Diplomatie sur la sellette
Pour faire face, le pays parie à court terme, sur une baisse de la demande, grâce à des températures plus douces, alors que l'hiver touche à sa fin. A moyen terme, le pays veut changer progressivement de fournisseurs, en développant la construction de terminaux méthaniers pour imposer du gaz liquide via la mer, depuis le Qatar, les États-Unis d'Amérique ou encore le Canada.
La situation actuelle est la conséquence des politiques des gouvernements allemands successifs, qui ont soigné leur relation avec Moscou ces vingt dernières années. Berlin voulait à la fois assurer son approvisionnement en gaz et pensait par ce biais promouvoir in fine la démocratisation de la Russie, une politique baptisée en Allemagne par le slogan: «Le changement par le commerce».
Cette stratégie initiée par l'ex-chancelier social-démocrate Gerhard Schröder – aujourd'hui étroitement lié au complexe gazier russe – a été poursuivie sa successeure, la conservatrice Angela Merkel.
Avec le gazoduc Nord Stream II, activement soutenu par l'ancienne chancelière, la dépendance gazière de l'Allemagne à l'égard de Moscou aurait dû grimper à 70%, selon les experts.
«Erreur fatale»
La politique russe de Berlin a été «l'erreur fatale» de Mme Merkel, s'emporte ainsi le quotidien le plus lu d'Allemagne, Bild. «Il aurait mieux fallu ne pas construire Nord Stream II», a abondé Robert Habeck, qualifiant «d'erreur» la diplomatie gazière de l'ancien gouvernement.
La nouvelle ministre des affaires étrangères, l'écologiste Annalena Baerbock, a déjà infléchi le cap de la diplomatie allemande. Celle-ci doit être davantage basée «sur la défense des valeurs» démocratiques et moins sur les intérêts économiques.

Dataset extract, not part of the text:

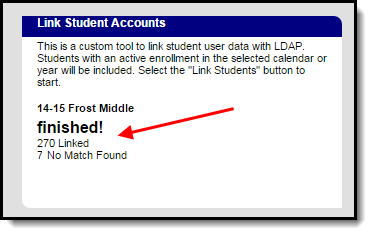 Screenshot of Link Student Accounts confirmation message.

Et la priorité est à la «protection du climat». Berlin compte désormais sur sa transition énergétique pour sortir de sa dépendance aux importations d'énergies fossiles.
Mais un obstacle demeure, car, à court terme, cette transition devrait paradoxalement pousser le pays à consommer plus de gaz, du fait de la sortie du nucléaire, qui sera achevée en fin d'année, et de celle du charbon, prévue en 2030.